This thread has been around for a while but I just now read it end-to-end.
I had an account on bnl.gov (Brookhaven National Lab) hen I was. teenager (a friend of a friend's Dad was a physicist on site and gave me a Unix account). I was 16, he was crazy to have done it. I'd get fired at my current company for 1/10th of that act.
One of my favorite motd's was "Beware of programmers with screwdrivers". I used this as part of my signature when I was on Panix in NYC in the 90s. It directly applies to David, I think.
Once you get to even 100 subscribers, one of them is going to object to something that you say or do. Adrian from '*basement' often says "if you didn't like this, you know what to do..." and many others say "I know, I know, before I get dozens of commenters say xy-zed...".

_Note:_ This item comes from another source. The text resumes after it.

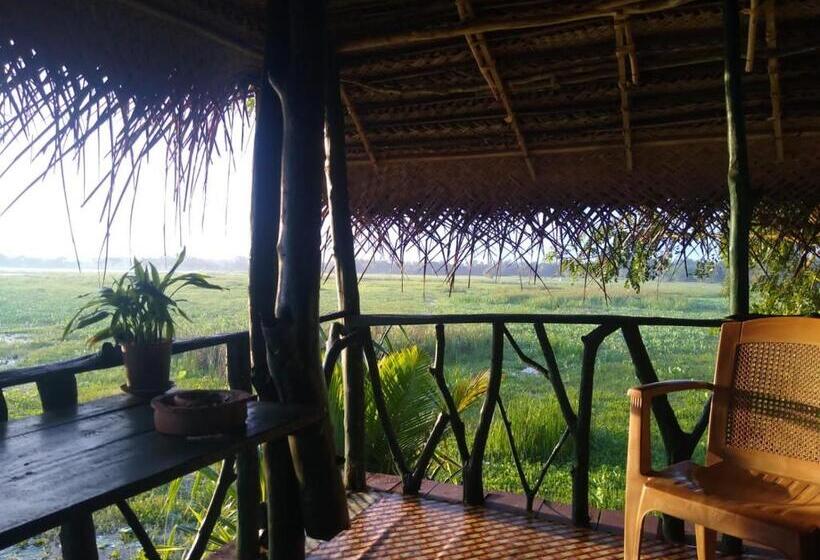 بنسيون Lake Face Cabana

My view (I'm old enough to live in an active-adult community so...) is that David is an uber-talented SW developer and has a passion for history, curating 8-bit everything, developing content... but (here it comes), hardware is not his thing. I've seen him solder, use a dremel, etc. HW is just not his thing and I'm literally laughing as I type this. But he gives so much to the community that he's bound to have a misstep. With full disclosure, I did not watch the video in question or the response (I don't have that much time left so have to pick/choose how I spend my time). : )
David can blow up what ever he wants. Paper clip? I have no issue. (Done that myself) Cut a computer in half and I will smile, laugh and cry with you. We are all here to have fun and learn and if people have an issue with that then do not watch the channel. Keep it up David. You are doing just fine. ?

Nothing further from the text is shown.